Ambassador (ret) William M. Bellamy, Warburg Professor of International Relations, shares his thoughts on the State of the Union.

Headshot of Professor William BellamyAfter being delayed due to the longest government shutdown in U.S. history, many were interested to finally hear President Trump's views on the state of the nation. Several issues were addressed, including the cost of prescription drugs, infrastructure, the Mueller investigation — and, of course, the border wall. To help make sense of the State of the Union, Professor Bellamy shares his thoughts on the address and the border crisis. 


Moments of hope overshadowed by negativity

By delivering a soaring vision of shared values, common goals and national unity, and calling for less partisanship, this strange discourse offered a glimpse of what a repurposed Trump presidency might look like. The oddity is that this new gentleness contradicts everything he has said and done since becoming a candidate in 2016.

The State of the Union will more likely be remembered for its negativism, especially President Trump’s discussion of immigration — a warning of lawlessness on the border, of “large caravans” of drug dealers, human traffickers and hardened criminals headed our way who will drive up crime and violence in cities nationwide.

The misrepresentation of the border crisis

As expected, President Trump spent time during the State of the Union trying to justify the declaration of a national emergency that does not exist.
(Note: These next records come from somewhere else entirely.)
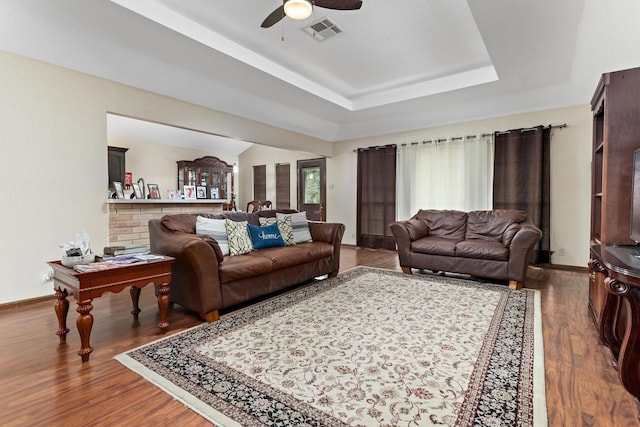 6690 Hackberry Dr, Beaumont, TX 77708 - living area featuring a ceiling fan, a tray ceiling, baseboards, and wood finished floors
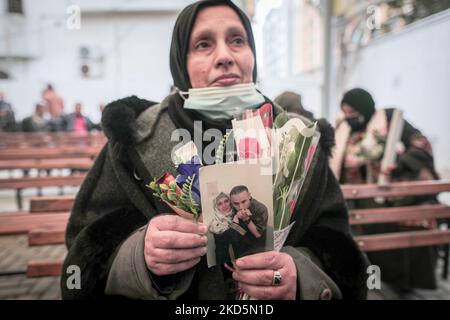 Mothers of Palestinian prisoners carry roses on International Mother's Day during a stand in solidarity with their sons in Israeli prisons(Photo by Momen Faiz/NurPhoto) Stock Photo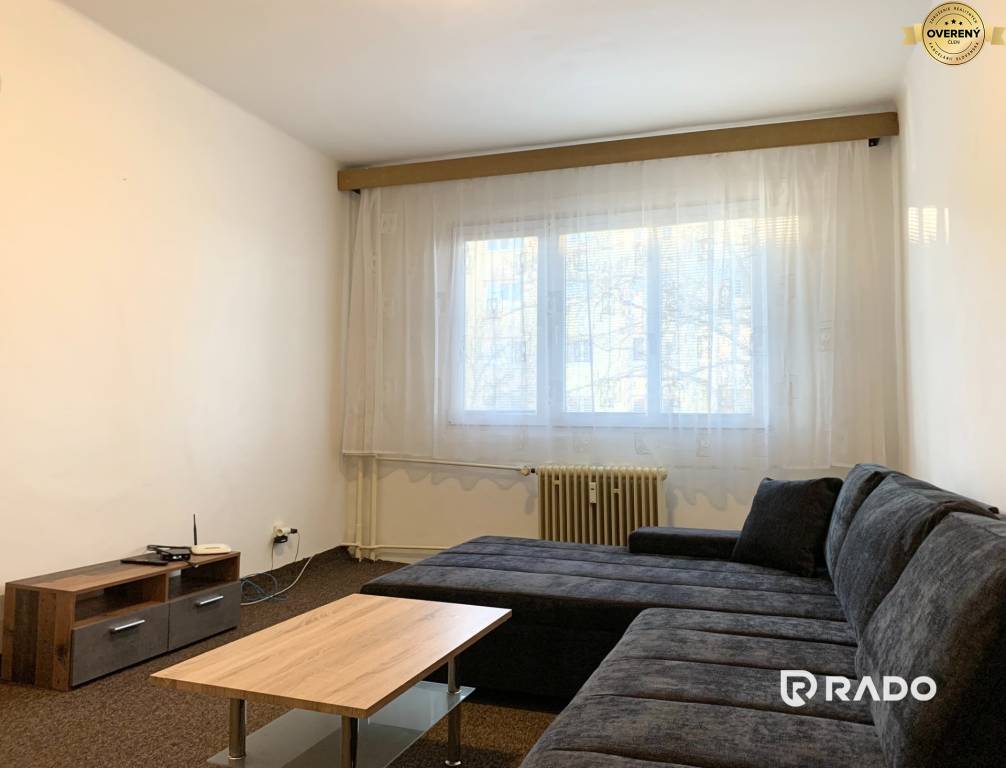 Obývacia izba v 2-izbovom byte s úplne novým veľkým gaučom, konferenčným stolíkom a skrinkou pod TV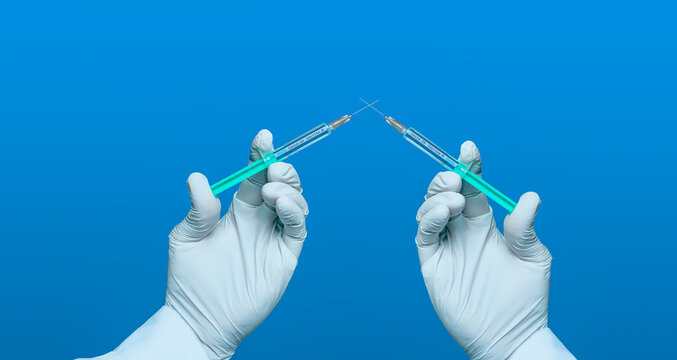 Contest for corona vaccine symbolically with two syringes dueling each other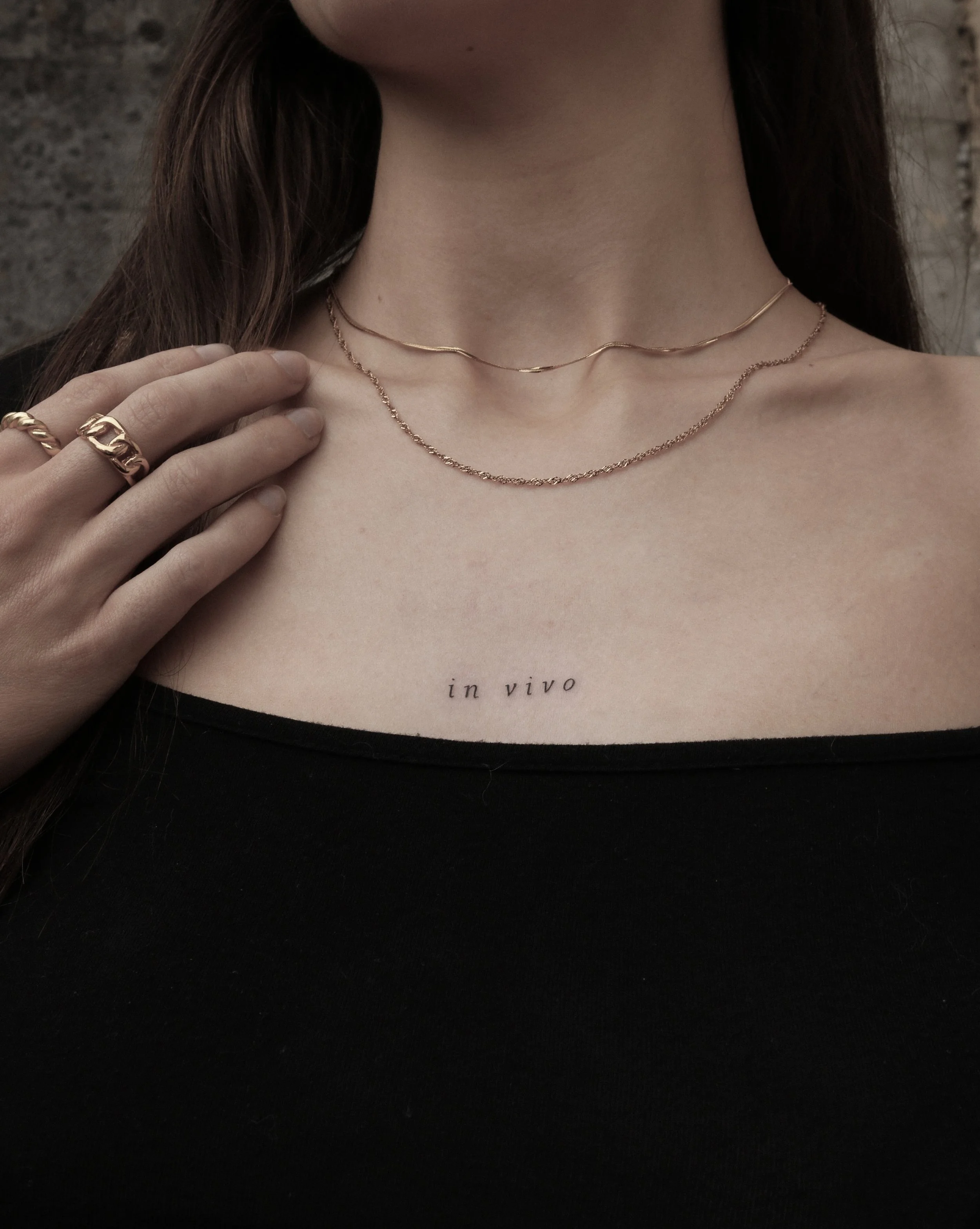 Nahaufnahme eines Halses mit zwei goldenen Halsketten, einem „in vivo"-Tattoo und einer Hand mit zwei goldenen Ringen auf schwarzem Oberteil.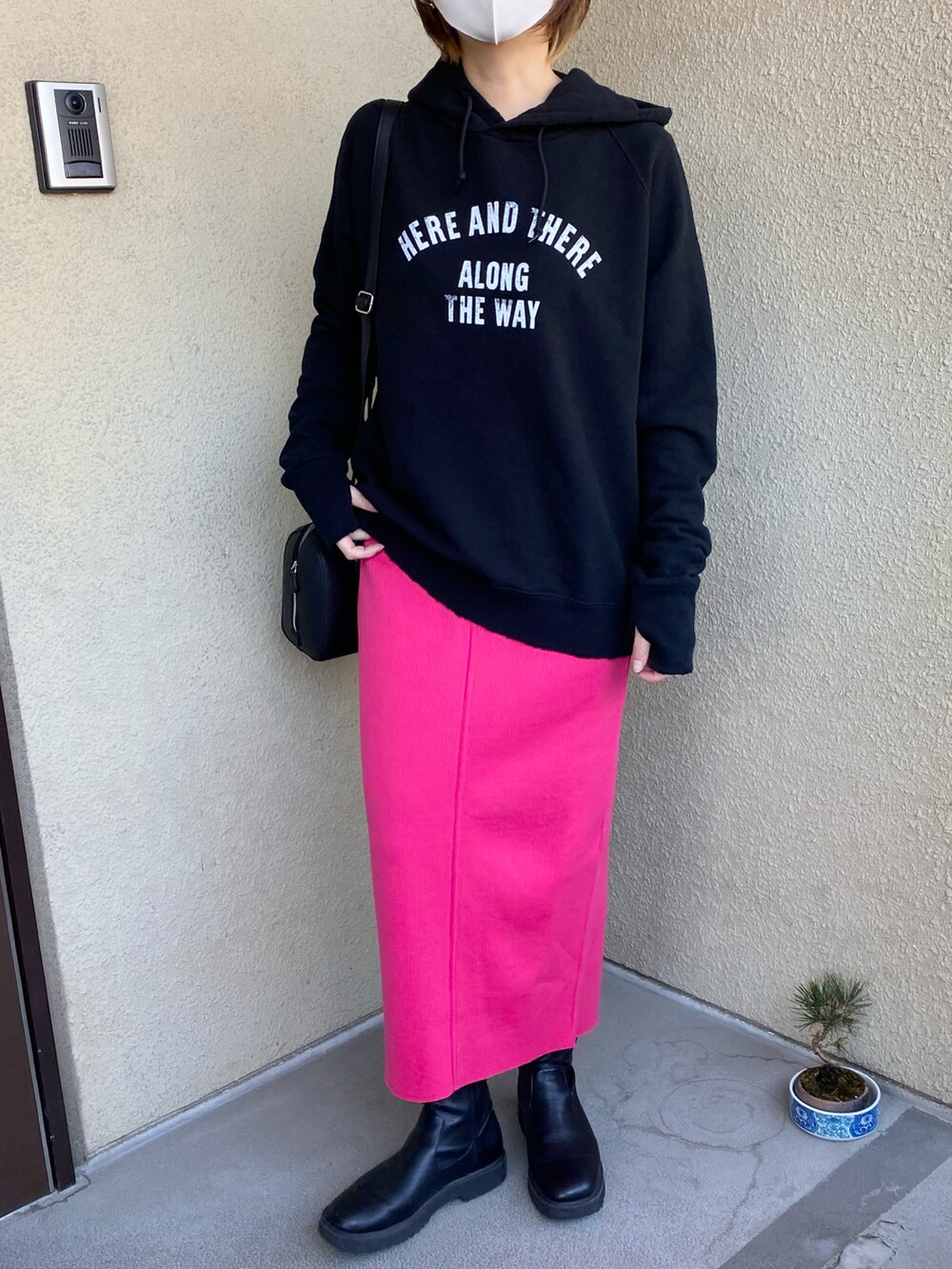 ブラック系のパーカー、ピンク系のスカートを着用したレディースの春コーディネートの2枚目の写真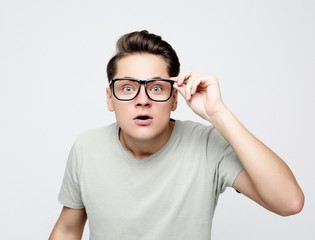 young man with emotions on his face a grey background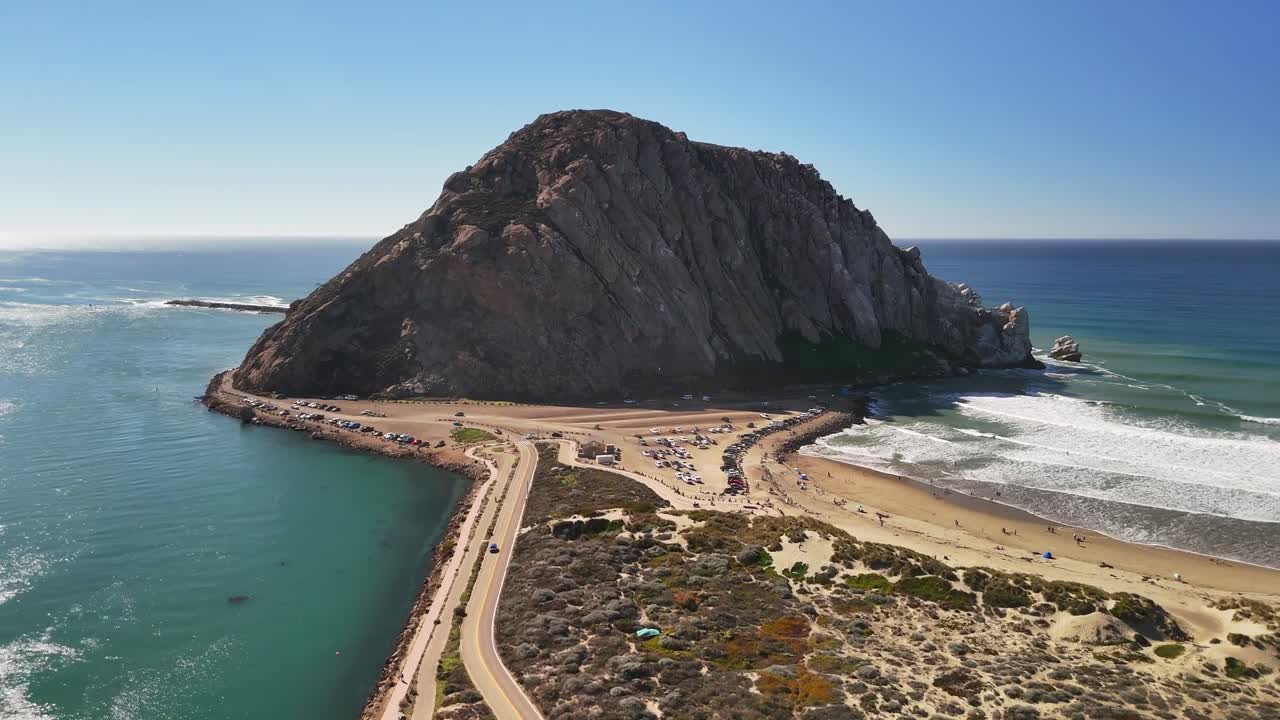 A long straight shot approaching Morro Rock from across the bay’s flat water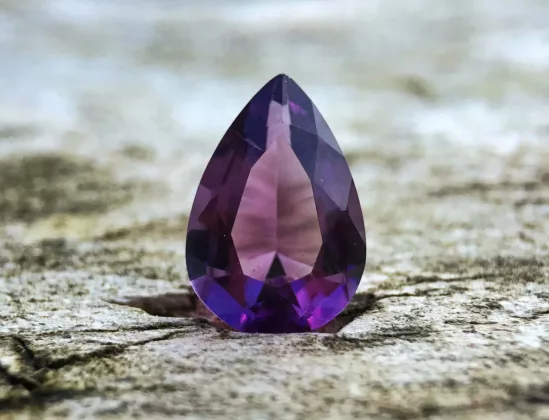 A close-up image from Gemstones Insider showcases a pear-shaped, faceted purple gemstone—possibly an amethyst—resting on a textured wooden surface. The photo features sharp detail in the foreground with a softly blurred background, highlighting the gem’s exquisite color and cut.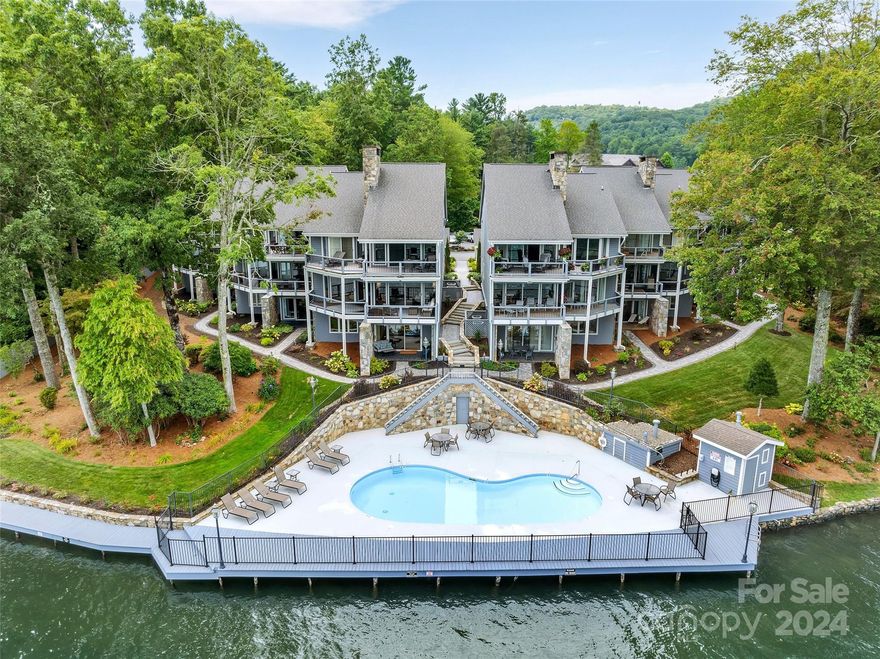 Absolutely stunning 3BR/3BA lakefront condo adjacent to The Greystone Inn, Lake Toxaway Country Club, Marina, and all amenities at Lake Toxaway.  This spectacular and spacious main floor unit features hardwood floors, fully renovated kitchen and baths, granite countertops, stainless appliances, two wood burning fireplaces, two bedrooms and bathrooms on the main floor, a guest suite and large family room downstairs, sauna, lots of storage, covered parking, and sweeping views of Lake Toxaway and the surrounding mountains.  This unit also includes a deeded boat slip at the Lake Toxaway Marina.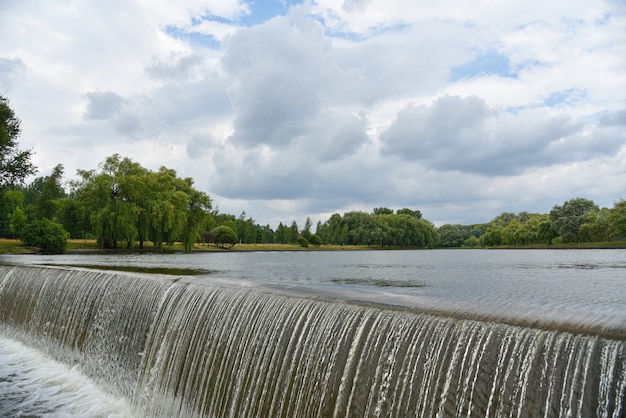 Spruzzi di una cascata su un fiume in un parco cittadino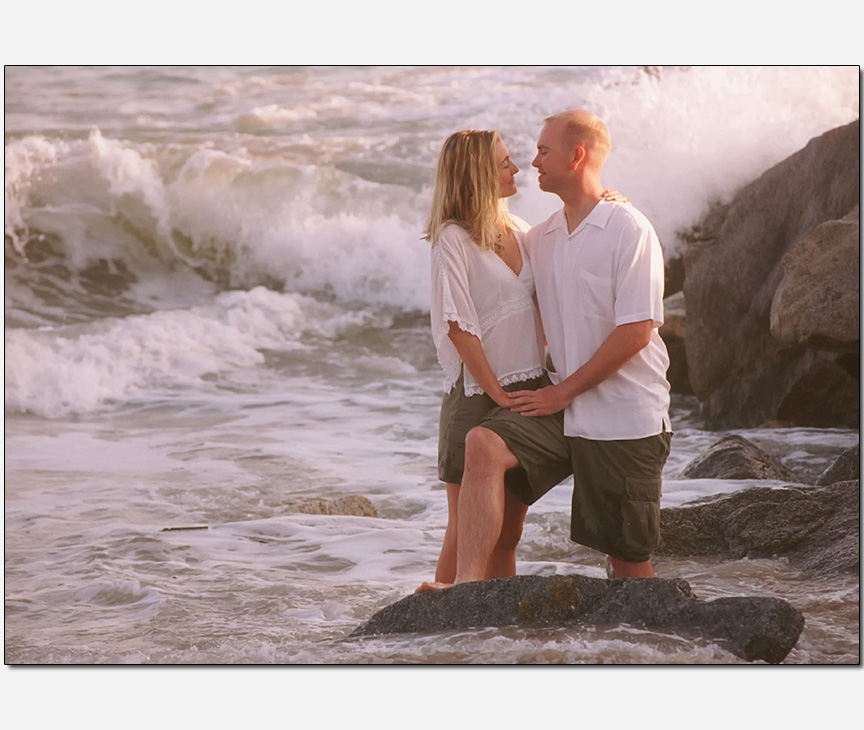 couple un-nerved waves crashing behind | engagement photos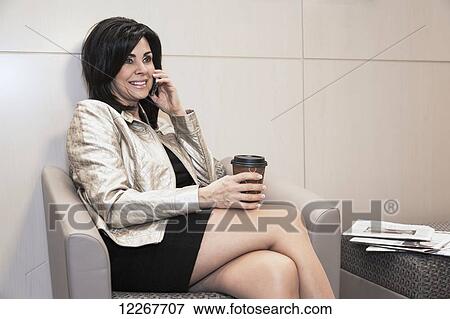 Stock Photo - Businesswoman talking on cell phone with coffee in office waiting area; Edmonton, Alberta, Canada. Fotosearch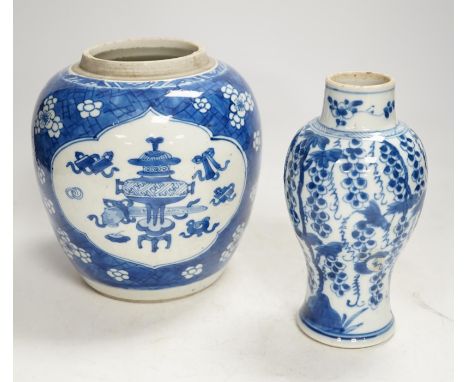 A Chinese Kangxi blue and white jar and a similar vase, jar 19.5cm high. Condition - both cracked and chipped, poor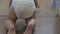 Baby crawls on all fours in a diaper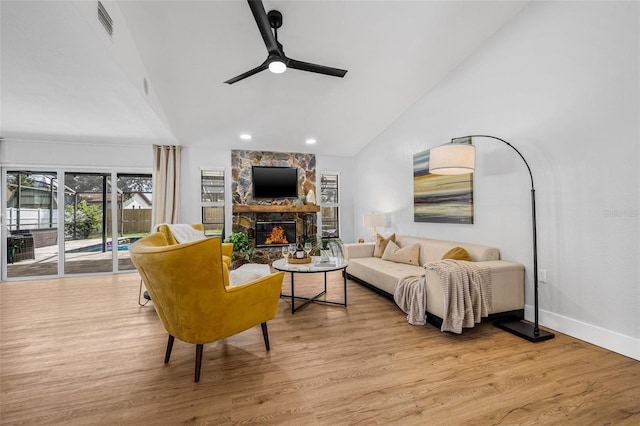 12641 98th St, Largo, FL 33773 - living area with visible vents, baseboards, a stone fireplace, ceiling fan, and wood finished floors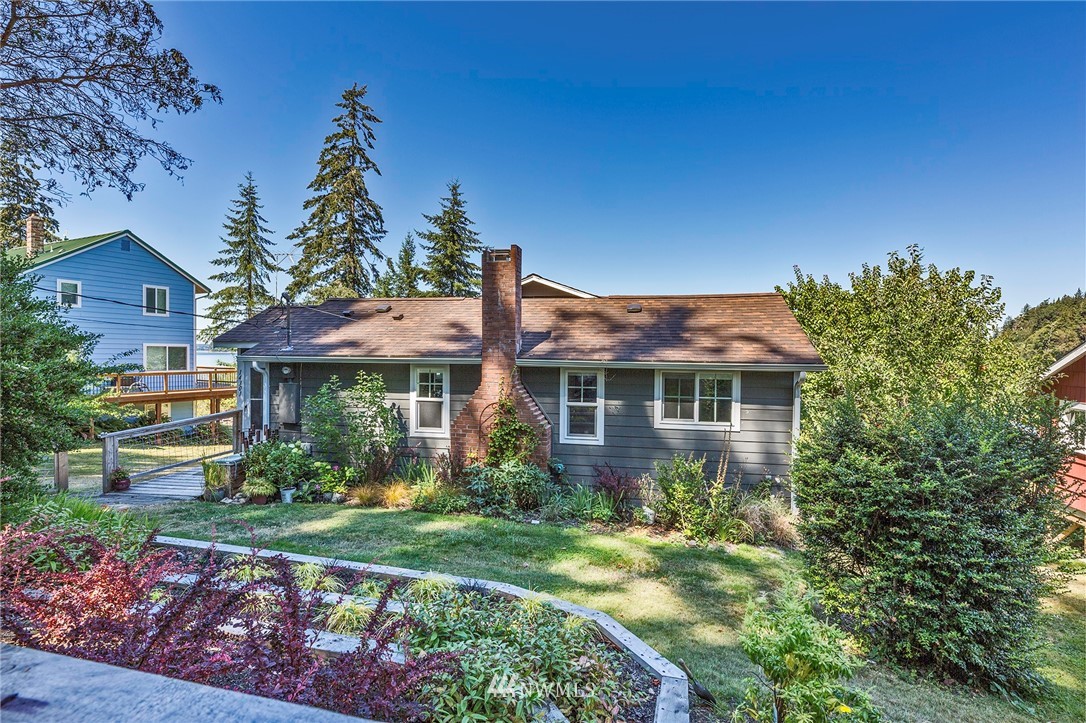 14301 Outer Bay Road Anderson Island, WA 98303 - Photo 5 of 40 a front view of a house with garden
Illegal border crossings have been declining for two decades. Arrests of illegal migrants in 2017 was at the lowest level since 1971. Study after study has shown that immigrants (legal or illegal) and refugees do not drive up crime in the U.S. 

It’s true the number of families fleeing violence in Central America is up, but very few are trying to sneak into the country. The majority are presenting themselves at the border to U.S. officials in order to have their asylum claims processed — a fundamental right guaranteed to them under international law. The U.S. has both a moral and legal obligation to treat these asylum seekers in a humane fashion. 

If there is a crisis at the border, it stems from the Administration’s misrepresentation of reality and its chaotic handling of innocent people asserting their rights. Nothing in this speech suggests the President will stop scapegoating migrants, asylum seekers and refugees. It remains a surefire rallying cry for his political base. 

After the dust settles, the tweeting resumes

Supporters and opponents will find what they want in this address. Few Democrats will mistake it for an overture, and few Republicans will regard it as a realistic bid to break the partisan gridlock. Its impact will diminish quickly once the tweeting resumes.